Although the security fence is claimed to be necessary to stop “terrorists,” it will have the added benefit of keeping all protesters hundreds of metres to a kilometre away from the gathering of world leaders, which include Communists, despots, dictators, champions of democracy and war makers. You can decide for yourself who is who.
The New South Wales police commissioner has made a point of stating that no protesters will get within shouting distance of any of the world leaders.
The NSW government claims the security measures will cost Australian taxpayers more than $170 million, but some estimates place the final costs at more than $300 million.
While some businesses will be mildly compensated for losses incurred during the 10 days of high security, many restaurants and small businesses are expected to lose millions from loss of patronage.
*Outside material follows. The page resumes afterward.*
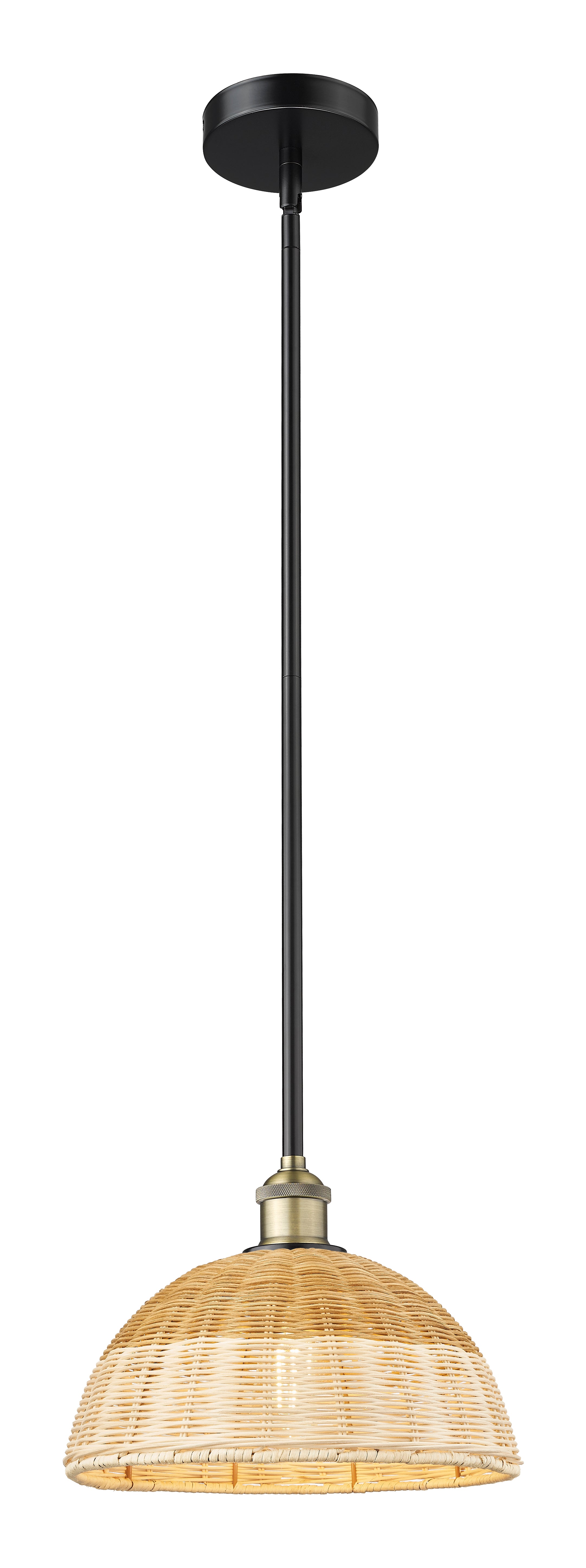 Edison Mini Pendant Antique Brass Finish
Outside of the city centre, major arterial roads leading to the airport and out to the Royal Australian Air Force base in Richmond, western Sydney, have been designated “clearways,” which means locals will not be permitted to park outside shops or restaurants in their towns.
Massive delays are expected to further lock up Sydney’s already notoriously gridlocked morning and afternoon traffic, as world leaders are shuttled across the city and suburbs in police and secret service motorcades dozens of vehicles long.
President Bush will travel through Sydney in a motorcade compromising of black 4WDs, from which, in the event of an attack or major security incident, machine gunners will appear through the roofs of the vehicles, firing weapons that can unload more 20 rounds per second.
When the first details of the massive delays and inconveniences caused by the APEC summit were made known, a few months back, Sydneysiders were advised to “get out of town” and take holidays while the world leaders are meeting. A public holiday has been declared in Sydney for Friday, September 7, when the key APEC events are expected to be held.
So if you get stuck in stalled traffic for an hour, or three, or if you’re forced off the road driving home from work by a fleet of police cars and limousines, or have a machine gun pointed in your face because you’re wearing a “No More War” badge on the lapel of your suit jacket inside the security zone, just try to remember how much of an honour it is that APEC chose Sydney as the host city for its summit.
Melbourne must be so jealous.
The large red lines show the route of the “steel wall” security fence that will enclose the hotels and conference centres used by world leaders during the APEC summit. No cars will be allowed inside. The blue marks show the gates in the fence where pedestrians can cross, but you may need to produce photo ID to get through, and be subject to body searches.